Our vision for North Berkeley BART
Maximize homes for all!
Build more than the BART TOD minimum of 75 units/acre. Having 1,000 homes* should be on the table
Well-designed density will enhance the neighborhood
Density enables vibrant street life and increased bus frequency
We don't want a 100% market rate development (and that won't happen anyway per the MOU), but some market rate units will help pay for things we want like a nice greenway and lots of affordable homes
Ensure equitable development
Maximized the number of affordable units to very low income and low income people.
A variety of sizes in apartment homes: studios as well as family-sized units
Market rate units will not only help pay for more affordable ones, but there are many kinds of people who cannot take advantage of subsidized housing: first responders, students, some people with disabilities, undocumented residents.

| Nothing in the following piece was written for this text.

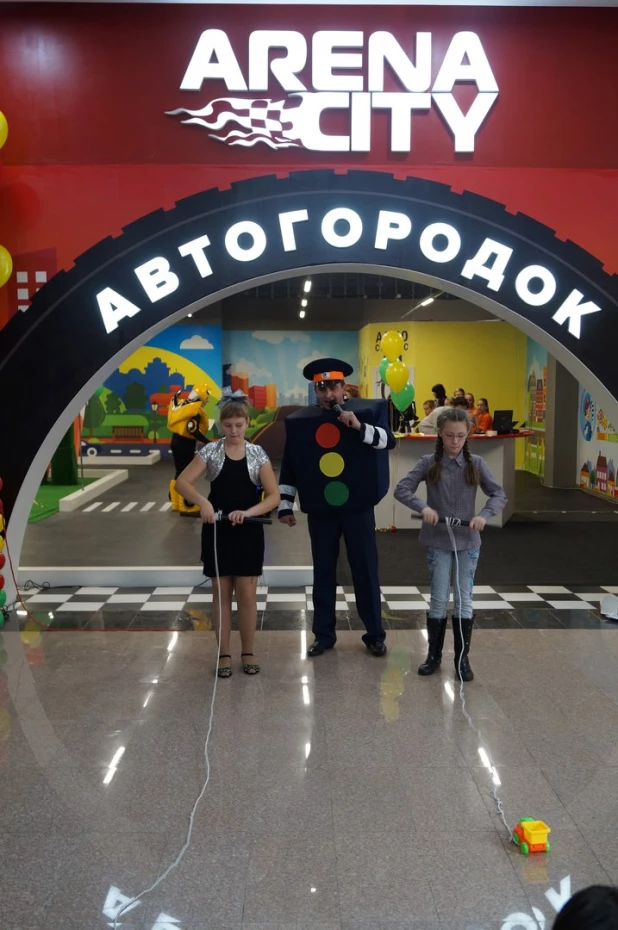 В Барнауле открылся детский автогородок.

We think the number of affordable units is more important than the percentage. Climate change, homelessness, and housing affordability are urgent issues and we can't wait 10-20 years for funding to be found for a large amount of subsidized housing.
Create safe routes for kids, people with disabilities, pedestrians, and cyclists
More parking = more cars. Reduce local traffic by not replacing all parking spaces
Prioritize connections for commuters arriving on foot, transit, or by bike
Complete streets on Sacramento, while already in progress, will ease the way for more non-drivers to get to the station
Drivers with disabled placards should have parking priority (with some spaces for carpools and electric vehicles as well)
Foster meaningful public space
Prioritize the Ohlone Greenway as the most important route going through the project, by creating a diagonal connection from Sacramento & Delaware to Acton & Virginia
Make a pedestrian-oriented space/plaza with a relationship to the BART entrance, which both commuters and locals can use and enjoy
If there is non-residential space, provide a variety of sizes in commercial spaces, so mom & pop stores can afford to rent, as well as chains and non-profits
*- When we refer to "homes" we mean individual units in apartment buildings or townhouses, not single family homes.